Data items
-=-=-

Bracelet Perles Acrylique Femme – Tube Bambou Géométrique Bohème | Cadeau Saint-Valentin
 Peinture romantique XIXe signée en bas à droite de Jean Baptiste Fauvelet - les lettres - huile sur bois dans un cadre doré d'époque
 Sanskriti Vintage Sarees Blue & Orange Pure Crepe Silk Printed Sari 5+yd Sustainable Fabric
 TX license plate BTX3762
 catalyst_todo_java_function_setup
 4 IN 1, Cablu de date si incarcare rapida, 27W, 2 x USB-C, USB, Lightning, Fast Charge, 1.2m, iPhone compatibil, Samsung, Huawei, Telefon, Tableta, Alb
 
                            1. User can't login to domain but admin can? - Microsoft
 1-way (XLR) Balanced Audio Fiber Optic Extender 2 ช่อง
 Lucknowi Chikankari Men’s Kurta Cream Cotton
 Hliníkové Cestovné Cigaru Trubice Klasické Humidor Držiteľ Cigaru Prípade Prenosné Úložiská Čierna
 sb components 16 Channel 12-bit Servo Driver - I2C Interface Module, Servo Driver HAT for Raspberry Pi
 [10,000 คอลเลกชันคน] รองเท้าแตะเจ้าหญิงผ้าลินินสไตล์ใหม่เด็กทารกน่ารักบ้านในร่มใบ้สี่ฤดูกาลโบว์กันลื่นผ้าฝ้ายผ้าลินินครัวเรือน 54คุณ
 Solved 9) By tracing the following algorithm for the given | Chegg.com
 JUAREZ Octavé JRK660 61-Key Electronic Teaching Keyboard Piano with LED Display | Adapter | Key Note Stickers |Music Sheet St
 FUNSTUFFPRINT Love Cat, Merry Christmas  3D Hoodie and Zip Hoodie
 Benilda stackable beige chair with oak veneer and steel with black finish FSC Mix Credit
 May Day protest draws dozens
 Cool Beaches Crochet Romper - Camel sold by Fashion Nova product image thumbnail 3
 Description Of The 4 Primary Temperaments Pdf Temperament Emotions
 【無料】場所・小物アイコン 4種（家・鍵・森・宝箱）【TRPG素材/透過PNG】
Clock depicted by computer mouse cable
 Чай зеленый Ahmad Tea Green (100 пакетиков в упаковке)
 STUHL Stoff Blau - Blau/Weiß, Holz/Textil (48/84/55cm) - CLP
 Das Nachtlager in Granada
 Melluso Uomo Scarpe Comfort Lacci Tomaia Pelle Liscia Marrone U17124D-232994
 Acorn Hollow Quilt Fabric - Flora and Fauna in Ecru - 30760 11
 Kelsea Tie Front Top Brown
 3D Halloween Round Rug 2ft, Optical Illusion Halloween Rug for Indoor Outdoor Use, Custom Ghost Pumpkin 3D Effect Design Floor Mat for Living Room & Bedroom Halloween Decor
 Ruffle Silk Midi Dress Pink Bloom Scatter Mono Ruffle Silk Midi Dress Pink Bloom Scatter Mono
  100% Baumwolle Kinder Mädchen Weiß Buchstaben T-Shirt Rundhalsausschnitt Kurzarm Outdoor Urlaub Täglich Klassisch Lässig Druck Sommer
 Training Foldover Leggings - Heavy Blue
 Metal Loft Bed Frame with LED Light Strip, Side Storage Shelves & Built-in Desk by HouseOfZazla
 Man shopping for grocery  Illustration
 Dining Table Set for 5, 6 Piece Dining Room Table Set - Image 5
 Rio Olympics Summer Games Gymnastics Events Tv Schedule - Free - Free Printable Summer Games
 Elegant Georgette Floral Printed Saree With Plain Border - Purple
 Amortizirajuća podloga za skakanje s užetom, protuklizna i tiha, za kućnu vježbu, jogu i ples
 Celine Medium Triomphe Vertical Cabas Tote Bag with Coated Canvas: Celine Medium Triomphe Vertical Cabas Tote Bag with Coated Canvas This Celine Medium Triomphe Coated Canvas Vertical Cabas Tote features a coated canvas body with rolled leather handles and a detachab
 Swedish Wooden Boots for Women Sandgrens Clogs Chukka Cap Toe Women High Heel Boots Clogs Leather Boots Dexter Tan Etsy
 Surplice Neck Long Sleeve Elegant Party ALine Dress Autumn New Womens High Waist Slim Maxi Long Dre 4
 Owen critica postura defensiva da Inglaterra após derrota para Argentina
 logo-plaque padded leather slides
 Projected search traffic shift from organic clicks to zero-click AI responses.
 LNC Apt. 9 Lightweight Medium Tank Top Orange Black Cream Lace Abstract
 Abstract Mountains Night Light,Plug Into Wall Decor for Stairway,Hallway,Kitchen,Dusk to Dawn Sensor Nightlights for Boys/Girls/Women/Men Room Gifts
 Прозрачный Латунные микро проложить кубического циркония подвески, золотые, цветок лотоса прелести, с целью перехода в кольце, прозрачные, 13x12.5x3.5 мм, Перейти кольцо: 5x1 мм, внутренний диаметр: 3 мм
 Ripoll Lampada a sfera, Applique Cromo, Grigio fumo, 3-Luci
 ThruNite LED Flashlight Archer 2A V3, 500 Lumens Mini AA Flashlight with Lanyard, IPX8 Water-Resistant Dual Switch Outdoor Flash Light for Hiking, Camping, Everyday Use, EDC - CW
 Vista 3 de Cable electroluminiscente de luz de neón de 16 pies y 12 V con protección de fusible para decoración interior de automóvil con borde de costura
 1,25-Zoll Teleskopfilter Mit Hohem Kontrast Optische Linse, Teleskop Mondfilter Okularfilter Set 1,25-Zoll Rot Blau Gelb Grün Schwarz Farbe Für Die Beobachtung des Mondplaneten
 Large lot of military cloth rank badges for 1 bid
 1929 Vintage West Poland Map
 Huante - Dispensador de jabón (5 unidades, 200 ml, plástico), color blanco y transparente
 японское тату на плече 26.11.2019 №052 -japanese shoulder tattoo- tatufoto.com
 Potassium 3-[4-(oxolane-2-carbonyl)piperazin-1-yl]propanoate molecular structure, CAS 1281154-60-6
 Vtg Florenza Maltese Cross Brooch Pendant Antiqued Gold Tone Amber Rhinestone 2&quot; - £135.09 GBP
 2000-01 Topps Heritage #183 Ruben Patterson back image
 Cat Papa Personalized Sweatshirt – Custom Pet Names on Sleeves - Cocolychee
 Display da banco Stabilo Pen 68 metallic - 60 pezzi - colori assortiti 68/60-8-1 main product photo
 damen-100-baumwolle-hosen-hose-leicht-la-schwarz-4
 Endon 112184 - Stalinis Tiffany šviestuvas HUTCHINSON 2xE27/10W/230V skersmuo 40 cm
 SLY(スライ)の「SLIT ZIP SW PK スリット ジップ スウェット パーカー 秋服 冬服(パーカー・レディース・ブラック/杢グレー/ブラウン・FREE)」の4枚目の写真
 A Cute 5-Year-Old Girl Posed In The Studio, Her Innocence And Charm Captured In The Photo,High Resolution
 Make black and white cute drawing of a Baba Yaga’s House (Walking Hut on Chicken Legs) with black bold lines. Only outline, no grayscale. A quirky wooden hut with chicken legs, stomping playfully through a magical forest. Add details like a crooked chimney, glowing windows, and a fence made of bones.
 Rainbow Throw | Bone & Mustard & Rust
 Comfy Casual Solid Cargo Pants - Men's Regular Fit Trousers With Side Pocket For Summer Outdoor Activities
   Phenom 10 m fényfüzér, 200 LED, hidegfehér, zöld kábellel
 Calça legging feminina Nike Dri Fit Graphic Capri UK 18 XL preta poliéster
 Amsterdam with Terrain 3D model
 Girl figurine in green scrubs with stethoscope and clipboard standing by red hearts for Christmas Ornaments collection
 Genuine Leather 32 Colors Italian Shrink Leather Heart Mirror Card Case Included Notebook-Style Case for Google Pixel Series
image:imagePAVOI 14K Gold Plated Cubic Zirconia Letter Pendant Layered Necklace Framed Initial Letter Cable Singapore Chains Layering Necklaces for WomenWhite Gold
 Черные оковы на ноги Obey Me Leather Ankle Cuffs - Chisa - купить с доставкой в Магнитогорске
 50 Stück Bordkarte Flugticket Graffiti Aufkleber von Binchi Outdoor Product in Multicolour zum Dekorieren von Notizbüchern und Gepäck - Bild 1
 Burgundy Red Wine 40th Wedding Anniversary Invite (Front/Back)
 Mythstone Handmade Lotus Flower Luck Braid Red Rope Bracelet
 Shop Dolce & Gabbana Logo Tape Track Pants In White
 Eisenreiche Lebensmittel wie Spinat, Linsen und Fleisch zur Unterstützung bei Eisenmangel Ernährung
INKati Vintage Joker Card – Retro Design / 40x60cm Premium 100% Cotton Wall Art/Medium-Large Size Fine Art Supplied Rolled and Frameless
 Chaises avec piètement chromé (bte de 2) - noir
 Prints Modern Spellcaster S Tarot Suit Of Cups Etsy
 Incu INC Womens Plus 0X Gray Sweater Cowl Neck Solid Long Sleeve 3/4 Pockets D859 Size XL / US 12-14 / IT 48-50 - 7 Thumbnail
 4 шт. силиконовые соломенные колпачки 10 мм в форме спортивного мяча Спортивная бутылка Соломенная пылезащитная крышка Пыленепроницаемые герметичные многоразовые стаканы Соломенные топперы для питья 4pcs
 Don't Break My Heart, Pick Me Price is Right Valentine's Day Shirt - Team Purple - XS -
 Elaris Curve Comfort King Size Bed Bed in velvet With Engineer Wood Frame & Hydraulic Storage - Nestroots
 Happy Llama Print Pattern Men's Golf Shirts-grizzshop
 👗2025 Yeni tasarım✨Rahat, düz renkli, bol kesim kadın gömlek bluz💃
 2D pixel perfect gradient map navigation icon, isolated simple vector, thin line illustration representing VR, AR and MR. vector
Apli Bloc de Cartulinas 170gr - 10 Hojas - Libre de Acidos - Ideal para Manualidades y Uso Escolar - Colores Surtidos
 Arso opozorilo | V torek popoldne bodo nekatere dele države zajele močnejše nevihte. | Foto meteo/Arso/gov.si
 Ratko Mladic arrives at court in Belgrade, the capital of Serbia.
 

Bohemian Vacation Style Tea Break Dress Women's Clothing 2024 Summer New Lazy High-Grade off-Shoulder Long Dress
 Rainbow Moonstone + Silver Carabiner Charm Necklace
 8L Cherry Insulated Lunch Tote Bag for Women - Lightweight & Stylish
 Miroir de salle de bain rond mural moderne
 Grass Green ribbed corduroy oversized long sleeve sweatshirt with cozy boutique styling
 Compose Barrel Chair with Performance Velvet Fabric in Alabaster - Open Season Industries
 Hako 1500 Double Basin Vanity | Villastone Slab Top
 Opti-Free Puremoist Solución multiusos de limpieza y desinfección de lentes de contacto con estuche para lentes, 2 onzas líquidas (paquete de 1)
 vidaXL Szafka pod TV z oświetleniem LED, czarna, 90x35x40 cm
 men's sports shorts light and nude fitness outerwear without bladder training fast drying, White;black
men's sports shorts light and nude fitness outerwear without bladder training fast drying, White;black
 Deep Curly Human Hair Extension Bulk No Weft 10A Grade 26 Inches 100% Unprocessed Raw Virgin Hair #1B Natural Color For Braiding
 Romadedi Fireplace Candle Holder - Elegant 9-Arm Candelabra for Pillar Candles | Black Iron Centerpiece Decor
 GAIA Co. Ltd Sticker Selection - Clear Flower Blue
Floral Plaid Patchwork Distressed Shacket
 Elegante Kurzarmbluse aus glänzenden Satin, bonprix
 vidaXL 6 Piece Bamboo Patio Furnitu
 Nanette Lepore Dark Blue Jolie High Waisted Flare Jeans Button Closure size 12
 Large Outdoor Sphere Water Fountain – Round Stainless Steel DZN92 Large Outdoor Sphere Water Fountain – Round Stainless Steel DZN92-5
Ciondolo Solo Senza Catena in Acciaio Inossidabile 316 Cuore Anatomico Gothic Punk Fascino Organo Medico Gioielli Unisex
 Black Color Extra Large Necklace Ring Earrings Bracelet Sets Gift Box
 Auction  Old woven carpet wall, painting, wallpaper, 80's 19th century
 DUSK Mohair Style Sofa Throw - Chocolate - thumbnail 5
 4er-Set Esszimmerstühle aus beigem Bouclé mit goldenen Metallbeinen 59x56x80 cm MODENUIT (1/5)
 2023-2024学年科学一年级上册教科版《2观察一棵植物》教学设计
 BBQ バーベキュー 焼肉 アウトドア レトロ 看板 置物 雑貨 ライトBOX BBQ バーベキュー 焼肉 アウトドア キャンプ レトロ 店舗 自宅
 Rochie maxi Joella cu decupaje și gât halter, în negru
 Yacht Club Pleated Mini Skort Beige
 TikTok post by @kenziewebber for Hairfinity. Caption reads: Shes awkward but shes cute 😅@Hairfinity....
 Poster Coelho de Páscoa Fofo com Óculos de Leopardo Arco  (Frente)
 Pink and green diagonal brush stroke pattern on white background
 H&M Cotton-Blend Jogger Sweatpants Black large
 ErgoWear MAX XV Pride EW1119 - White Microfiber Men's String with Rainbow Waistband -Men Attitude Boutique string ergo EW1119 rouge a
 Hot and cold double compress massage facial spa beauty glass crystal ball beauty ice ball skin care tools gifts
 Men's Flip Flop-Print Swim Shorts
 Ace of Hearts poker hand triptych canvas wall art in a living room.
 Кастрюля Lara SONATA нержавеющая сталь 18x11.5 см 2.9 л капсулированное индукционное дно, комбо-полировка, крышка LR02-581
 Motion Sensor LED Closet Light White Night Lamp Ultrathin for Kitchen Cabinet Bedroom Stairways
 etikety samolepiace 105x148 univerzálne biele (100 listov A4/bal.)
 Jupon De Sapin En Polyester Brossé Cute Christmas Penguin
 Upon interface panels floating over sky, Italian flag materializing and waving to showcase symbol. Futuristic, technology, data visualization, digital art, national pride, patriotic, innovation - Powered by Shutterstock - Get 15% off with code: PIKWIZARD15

-=-=-

▸ TASK TO COMPLETE
Copy out, exactly and alone, the lines of the entries above between the ones holding "Hliníkové Cestovné Cigaru" and "sb components 16", inclusive.

▸ EXERCISE RESPONSE
 Hliníkové Cestovné Cigaru Trubice Klasické Humidor Držiteľ Cigaru Prípade Prenosné Úložiská Čierna
 sb components 16 Channel 12-bit Servo Driver - I2C Interface Module, Servo Driver HAT for Raspberry Pi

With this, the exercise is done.